By the way, I personally like this version better:
1 2 3 4 5 6
template<typename T>
void tolower(T *str){
for (;*str;str++)//to change to toupper():
if (*str>='A' && *str<='Z') //invert the case of these literals,
*param|=32; //and change this to &=255^32
}
Shouldn't correct functioning follow the locale settings? That was my assumption! Ultimately it depends on the problem specification. Only the OP knows for sure (maybe).
Well, that's why I put the IMO in there. If you really want to make the program portable, don't assume the system is in any particular locale and just use Unicode.
This is a mistake Japanese programmers make on a daily basis. In Japan, OSs are set up to use Shift JIS as the default non-Unicode encoding. These programmers think "hell. If everyone uses Shift JIS, what's the point of using Unicode? No one will ever want to use this program outside of Japan!"
Whenever a programmer thinks something that starts with "no one will ever", disasters occur.

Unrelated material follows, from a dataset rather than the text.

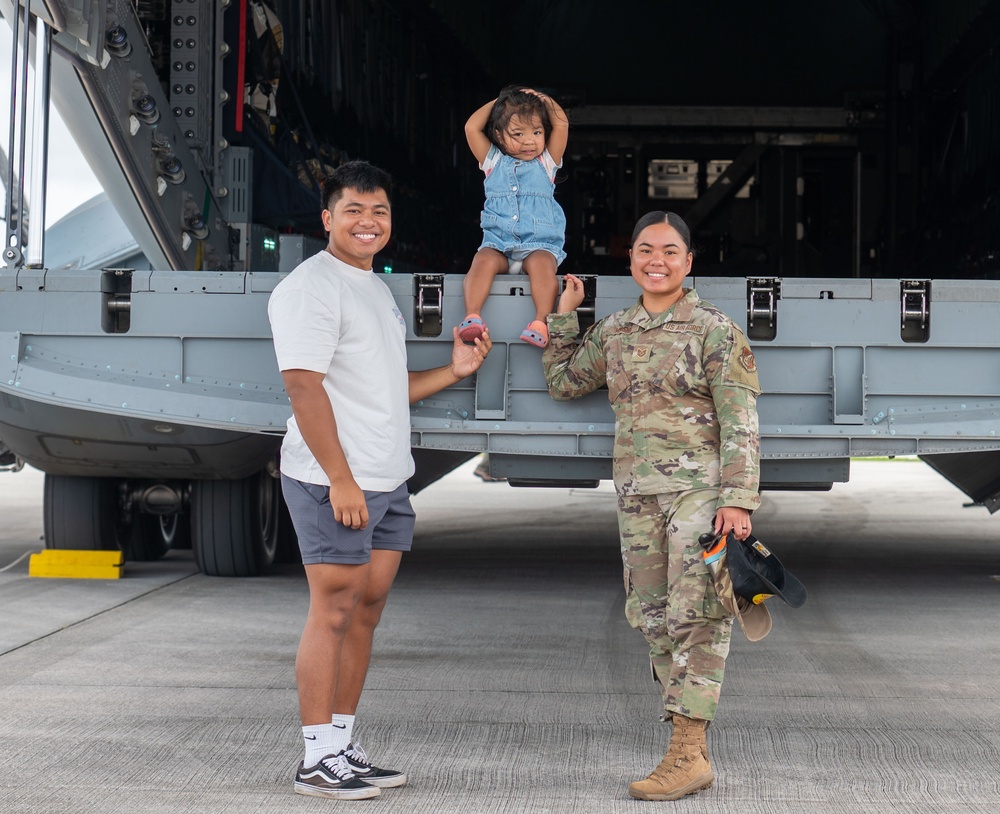 Team Andersen host REFORPAC ‘Pet the Jet’ event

Always use Unicode. When using only 8 bits, use ISO-8859-1, which is a small subset of Unicode, or UTF-8, depending on your requirements.
I still don't understand how assuming only 'A' through 'Z' are "uppercase" is portable. Isn't that assuming a particular locale? We seem to be talking at cross purposes here.
'A' is a numeric literal translated by the compiler at compile time. In other words, its value depends on the compiler.
My example could be rewritten replacing 'A' and 'Z' with 65 and 90 and it would produce the same results.
'A' is a numeric literal translated by the compiler at compile time.
Well duh! ;) That's not the point at all. The point is that if you use isupper and tolower it will work in all locales, which makes it more portable, IMAO. Like I said, we seem to be talking at cross purposes, about different kinds of portability. It ultimately depends on the problem specs and cannot be dictated beforehand.